• WHAT TO WORK ON
Produce an exact transcription of the data, with the images left out.

• DATA SECTION
=====
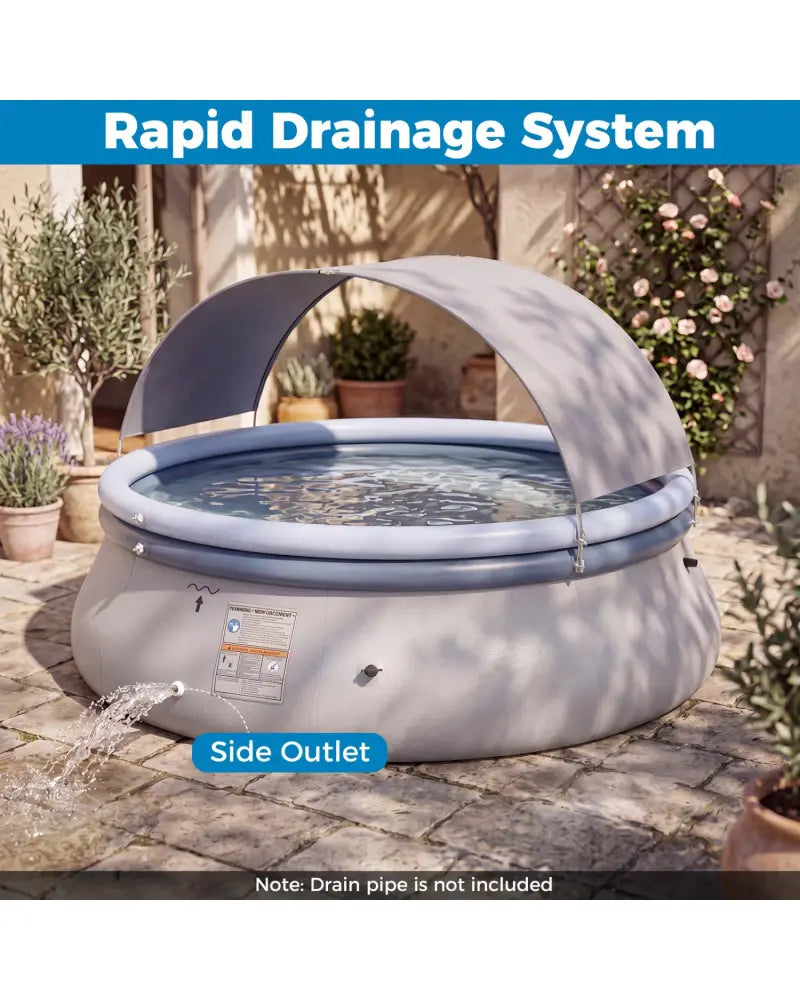 Outdoor Inflatable Pool with Sunshade Canopy-M - Swimming Pools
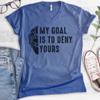 EVERTREE CLOTHING My Goal is to Deny Yours Hockey V-Neck T-Shirt, Unisex Men's Ice Hockey Goalie Canadian Winter Sports, Heather Royal Blue, Large view 2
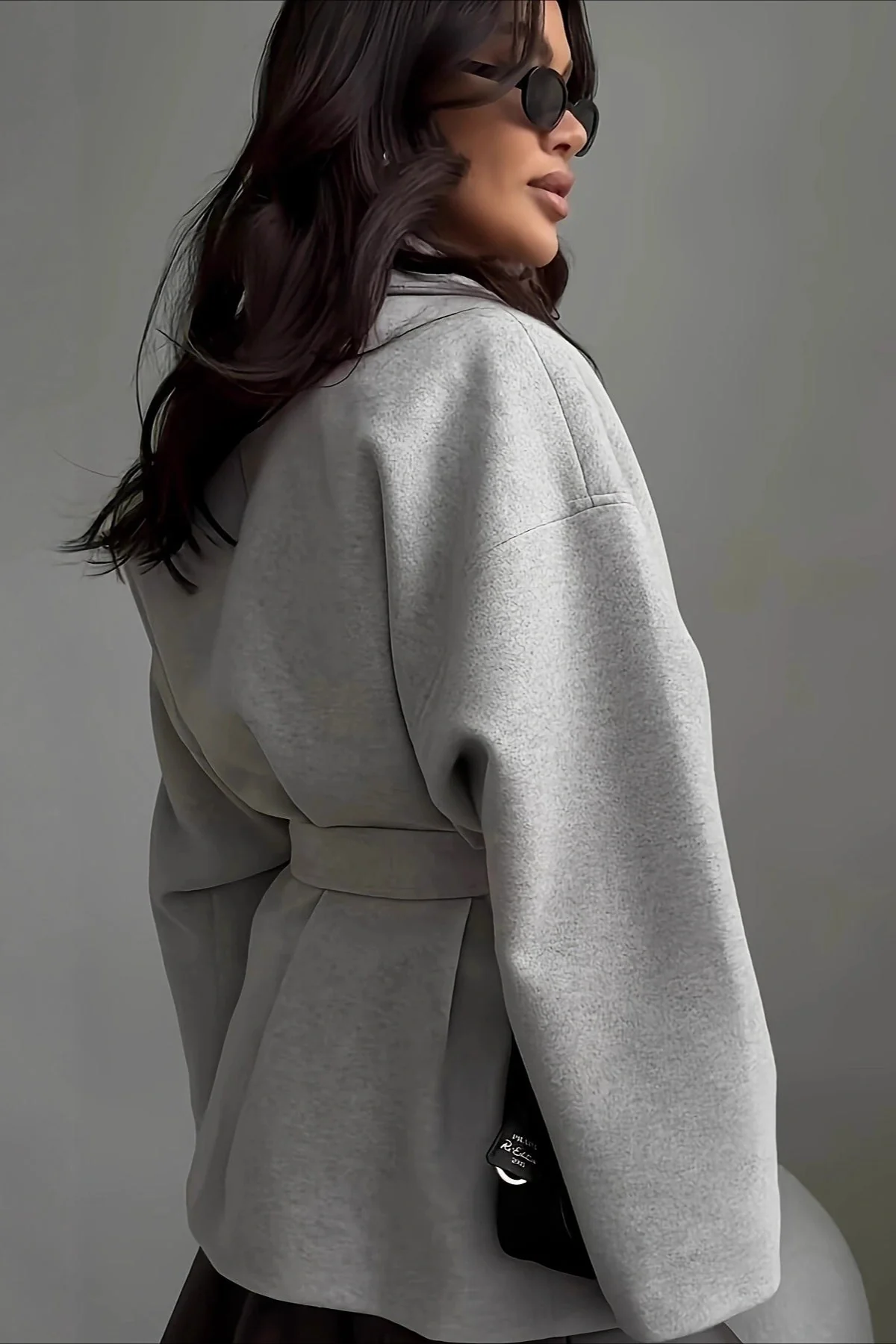 Belted Wool Blend Long Coat - Image 4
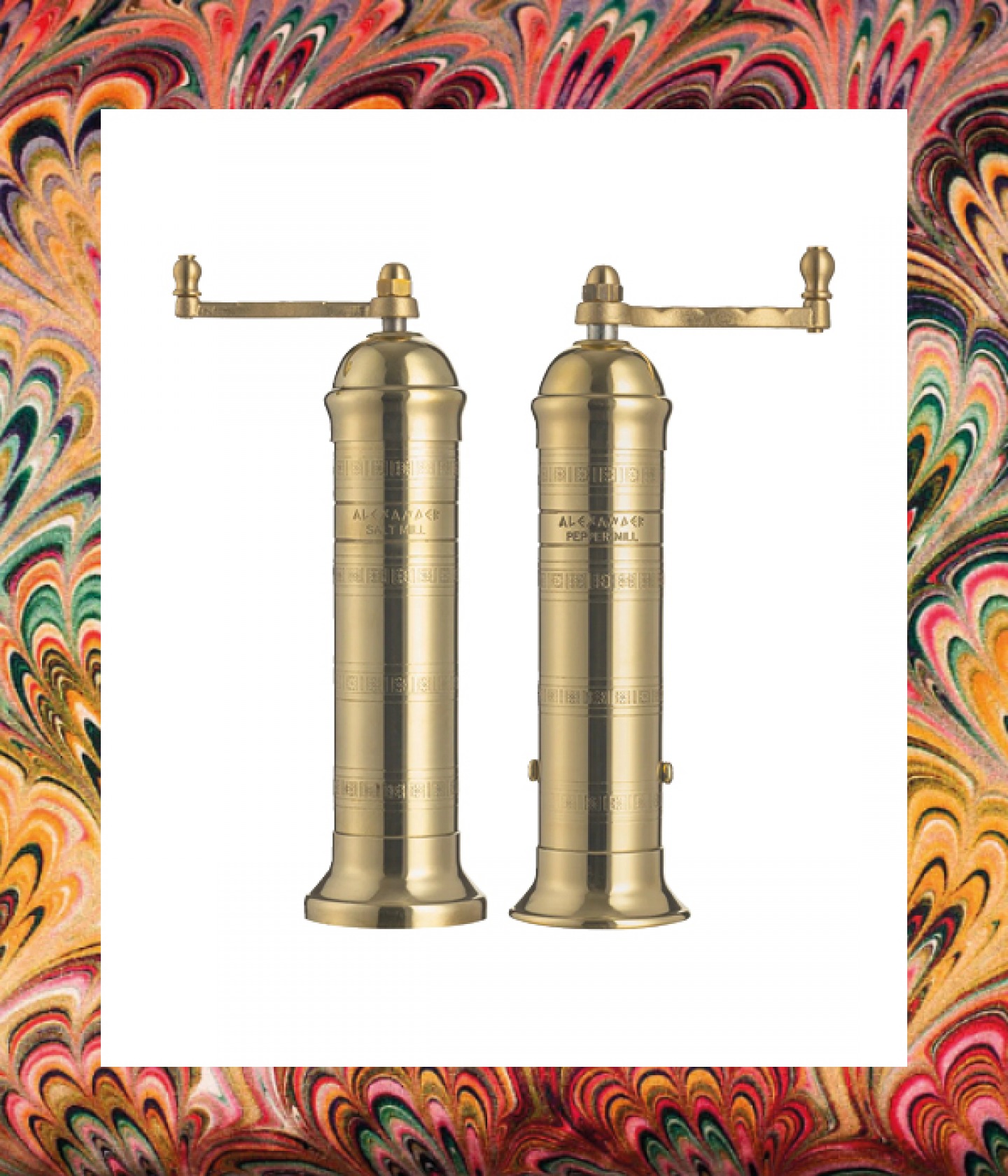 Brass salt and pepper mill set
=====
• SOLUTION TO THIS PROBLEM
 Outdoor Inflatable Pool with Sunshade Canopy-M - Swimming Pools
 EVERTREE CLOTHING My Goal is to Deny Yours Hockey V-Neck T-Shirt, Unisex Men's Ice Hockey Goalie Canadian Winter Sports, Heather Royal Blue, Large view 2
 Belted Wool Blend Long Coat - Image 4
 Brass salt and pepper mill set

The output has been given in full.